In the past year or so I’ve even found a buddy.  He drives by in a little blue car and – usually on Mondays or Tuesdays – he’ll stop as he drives by and we’ll chat for a bit. 

Mostly we talk football.  This is an odd thing, really.  You see, I am – as befits my upbringing in the City of Brotherly Love – an Eagles fan.  I have been an Eagles fan for as long as I can remember.  I have been to a grand total of one professional football game in my life, when I was about six or so, and it was an Eagles game down at the old Vet when it was still the new Vet.  They lost of course – I think the Eagles won a grand total of five games during the entire Nixon Administration – but there my loyalties lie.  And my buddy is a Cowboys fan.

There was a time when we probably would not have spoken to one another.  The Eagles and Cowboys fought some hard games over the years, and the fan bases of each side regarded the other as somewhere between cockroaches and industrial effluvia on the desirability scale.  At one point the District Attorney of Philadelphia – a man who would go on to become the Mayor of Philadelphia and, eventually, the Governor of Pennsylvania – sat in the cheap seats and offered $10 to anyone who could hit the Cowboys coach with a snowball.  Many people tried.  I don’t know if anyone collected.  We all cheered anyway.

But we are both older now, he and I, and far from our respective homes.  We have mellowed.  It is nice to have someone who remembers the old battles, even someone from the other side.  And so we have become friends, in that special “guy” sense of the word that means we can talk sports and sincerely wish each other’s team luck even if we don’t actually know each other’s names.

It’s been a hard year for the both of us, fandom-wise.  The Eagles have had a couple of runs of smoke-and-mirror success but are at least a year away from being a team anyone needs to take seriously in the post-season.  The Cowboys started off well but have entered their annual crash and burn period – a tradition for the entire 21st century – which ordinarily makes me feel just fine except that I do feel bad for my buddy. 

The whole division stinks.  For a while I was convinced that six wins would take the NFC East, but it appears that eight might do it, and nine definitely will.  Yesterday the Eagles got destroyed by a team with three wins, on its third-string quarterback, missing its two best players on offense.  And the Cowboys gagged up a loss to the Packers so transcendently awful that will likely be the hot topic of conversation among the sports knobs on the radio for weeks.

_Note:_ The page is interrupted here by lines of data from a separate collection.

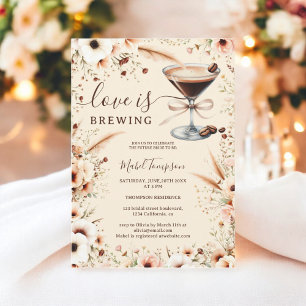 Boho Liebe braut Espresso-Brautparty Einladung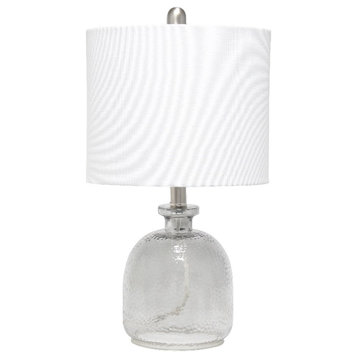 Elegant Designs Textured Glass Table Lamp White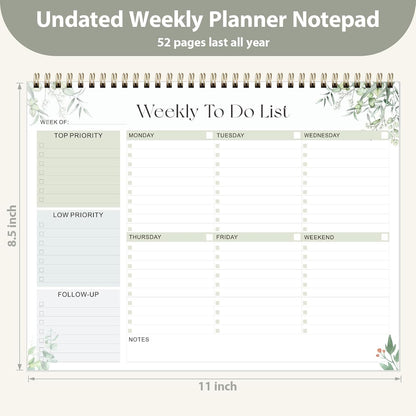 Weekly To Do List Notepad, Undated Planner with 52 Sheets (8.5''x11'') | Desk Accessories and Supplies, Women & Man, Home School & Work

I didn’t actually see much of any of it, to be honest.  They didn’t show the Eagles here in Wisconsin for some reason (I know, right?), and by the time I realized the Packers and Cowboys were on most of the game was over.  Instead, I spent the better part of the afternoon avoiding my grading by taking the girls Christmas shopping and by baking a stack of pizzelles about two feet high.  For those of you who don’t know, pizzelles are Italian cookies.  They’re anise-flavored, and you make them in what is essentially a glorified waffle iron.  My grandmother used to make them for the holidays, and it is a tradition that I enjoy upholding.  Plus the house smells wonderfully when you’re done.

Most of the pizzelles went to today's big Home Campus potluck that we have every semester.

But I did save a few for my NBPE road buddy, because even Cowboy fans should have something nice after a tough loss.